La problématique du réchauffement climatique vous préoccupe ?
C’est un problème planétaire. Les États ayant failli, je crois au rôle des régions. Nous avons mis en place un Schéma régional de l’air de l’énergie et du climat (SRCAE) qu’il faut décliner par des actions concrètes. J’ai proposé de mettre en place une « gouvernance climat » à l’échelle territoriale pour coordonner nos actions d’adaptation aux dérèglements climatiques. C’est une action transversale au sein de l’Exécutif : l’Office de l’Environnement, l’Office Hydraulique, l’Office agricole mènent aussi des démarches. Nous devons mutualiser nos moyens. Et nous devons travailler avec les îles méditerranéennes. La Corse a adhéré à la Charte de Gouvernance Climat des Territoires de Méditerranée et nous réfléchissons avec nos voisins sardes à des actions communes.
Vous avez également en charge l’aménagement du territoire et venez de faire adopter un rapport sur cette question liée aux problématiques du logement et du foncier, de quoi s’agit-il ?
Le constat est accablant : difficultés d’accès au logement, manque de programmation d’une part, offre massive et anarchique d’autre part, sur du foncier privé, hors de toute opération d’aménagement public. Et on demande à la Collectivité Territoriale de réparer après-coup les dégâts, de tracer des routes, de construire des crèches, bref, de pallier à cette absence d’aménagement. On met la charrue avant les bœufs ! Et cela conduit à des aberrations.
On a vu par exemple se réaliser des lots à bâtir sur des espaces à forte potentialité agricole et même l’octroi de subventions à des particuliers pour l’acquisition de ces lots ! Plus grave, certains dispositifs concourent à entretenir un prix élevé de l’immobilier et contribuent in fine à renchérir le coût du foncier compliquant les projets de construction de logements sociaux ou en accession sociale, à l’encontre des objectifs recherchés par la CTC en matière de lutte contre la pression foncière et immobilière. Sans compter le surcoût de dépenses publiques parce qu’on n’a pas fait valoir les plus-values foncières. Bref, il faut avoir une vision globale, cohérente de notre développement et le décliner sur chaque territoire.
Comment ?
Il s’agit pour la CTC de tenir le rôle qui est le sien : inciter et surtout aider les acteurs locaux, au premier rang desquels les collectivités, à concevoir et à mettre en œuvre des projets de développement cohérents et compatibles avec le modèle de développement de la Corse. Ne plus tourner le dos au voisin, où chacun fait son complexe sportif dans son coin. Mais réfléchir à l’échelle des territoires à ce qu’il est pertinent de faire ensemble. Cela conduira non seulement à bâtir des projets cohérents, mais aussi à mieux rationaliser les dépenses publiques.
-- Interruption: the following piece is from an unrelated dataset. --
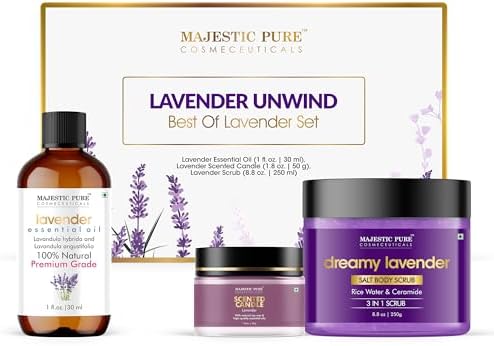 Majestic Pure Lavender Essential Oil & Body Scrub Set - Pack of 3 - Image 2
Nous allons entamer un tour des territoires, aider les intercommunalités à définir leur projet, à le chiffrer et à bâtir l’ingénierie nécessaire à leur réalisation. Par une concertation large, nous allons mettre en place le chaînon manquant entre la Corse et les communes, celui des grands bassins de vie, et ce faisant, nous équilibrerons notre développement sur l’ensemble du territoire.